On April 21, the Chinese Ministry of Public Security (MPS) launched the campaign "one helmet, one belt," which will take effect on June 1, aiming to protect people on the roads by mandating scooter riders to wear helmets and car drivers to fasten their seatbelts.
This is the first time Chinese authorities have forced electric scooter riders to follow suit. In fact, in the past, there was a policy requiring motorcyclists to wear helmets. However, as it was not compulsory, only 30 percent of electric scooter riders wore helmets.
"Relevant research shows that the correct use of safety helmets and safety belts can reduce the risk of traffic accident deaths by 60 percent to 70 percent, which plays an important role in protecting people's lives," the ministry said.
According to research from Guojin Securities, China's demand gap for helmets is at about 200 million. If calculated at 50 yuan per helmet, the market size could surpass 10 billion yuan. China's biggest helmet manufacturers can turn out around 2,000 per day.
The price of helmets has been increasing since the policy was announced, often doubling or tripling overnight. The price of ABS materials, which is needed to make helmets, has also quadrupled.
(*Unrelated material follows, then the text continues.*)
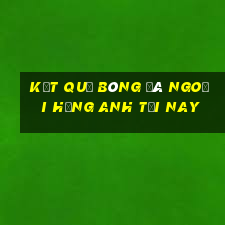 kết quả bóng đá ngoại hạng anh tối nay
Shares of helmet makers and associated firms have accordingly soared. For instance, share prices of Guangdong Guoli Science & Technology Co. Ltd. and Nanjing Julong Science & Technology Co. Ltd., both producing plastics used in bicycle helmets, rose by the daily 10 percent limit for a third successive session on Wednesday.
Meanwhile, more than 3,500 new helmet industry-related enterprises have been established in China, mainly in eastern coastal provinces. Helmets are in short supply, leading to a surge in orders from manufacturers. However, many merchants claim that the product does not meet the national 3C certification. Consumers are urged to check the quality carefully before purchasing.
The MPS said on its WeChat official account that it has attached great importance to pricing and proactively communicates with the State Administration for Market Regulation to instruct local public security agencies to cooperate with market supervision departments, strictly investigate price violations and cut off any improper cost increases.